Agriculture's Contribution to Australia's Economy Grows

AUSTRALIA - Australian farmers’ contribution to the nation’s wealth through export earnings is increasing at a time when other commodities are on the wane.
calendar icon 8 September 2015
clock icon 3 minute read

The country's Minister for Agriculture, Barnaby Joyce, said the latest Australian Bureau of Statistics (ABS) figures showed a seven per cent increase in the value of rural exports in 2014-15, on the back of a 9.7 per cent increase in 2013-14.

“Rural goods contributed $43 billion in exports in 2014-15 at a time when the value of all goods and services decreased by 4 per cent,” Mr Joyce said.

ABS figures 2014-15 saw a 41 per cent increase in the value of beef and veal exports, from $6.27 billion in 2013-14 to $8.86 billion, Mr Joyce went on.

Live cattle were up 47 per cent in value to $1.15 billion; live sheep up 32 per cent to $244 million; horticulture products up 11 per cent to $2.06 billion; and wool up 10 per cent to $3.16 billion.
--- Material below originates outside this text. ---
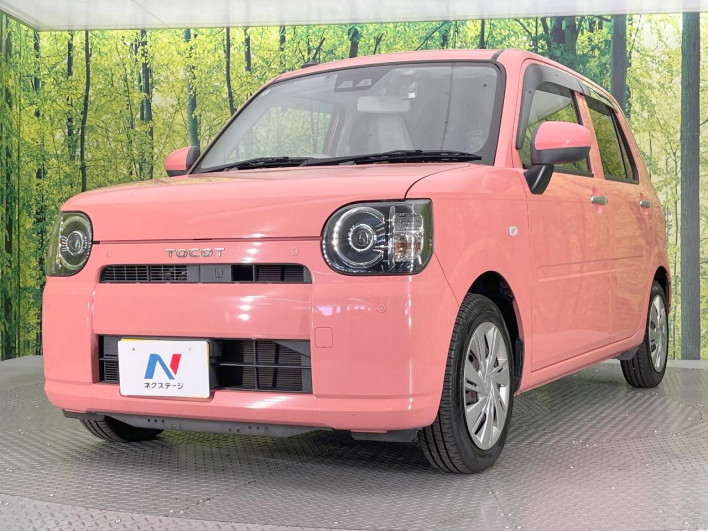 2018 Daihatsu Mira Tocot DBA-LA550S (UW-6a01470c59315)[13]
However, wheat, barley and canola export earnings were all down in 2014-15, which Mr Joyce said was because of the ongoing drought in the eastern states and international market conditions.

“The ABS figures show the value agriculture continues to provide to the Australian economy and highlights the importance of farm exports to the nation’s prosperity,” he added.

Commenting on the results, Mr Joyce said: “These results are a strong vote of confidence from international markets in Australian farmers and the produce they grow and demonstrate just how critical free trade deals such as the China-Australia Free Trade Agreement (ChAFTA) will be for our entire farm sector.”

Mr Joyce hit out strongly at the Labor opposition party, which has been opposing ChAFTA. Concerns have been expressed over a lack of transparency on the deal and the removal of restrictions on Chinese migrant workers.

“Joel Fitzgibbon and Penny Wong’s mindless opposition to ChAFTA is putting future Australian exports and jobs in jeopardy.

"China’s imports of agricultural, food and fisheries products grew by another US$3 billion to almost US$119 billion in 2014, and Australian jobs right throughout the entire food and fibre supply chains stand to benefit from the improved market access that ChAFTA delivers,” Mr Joyce said.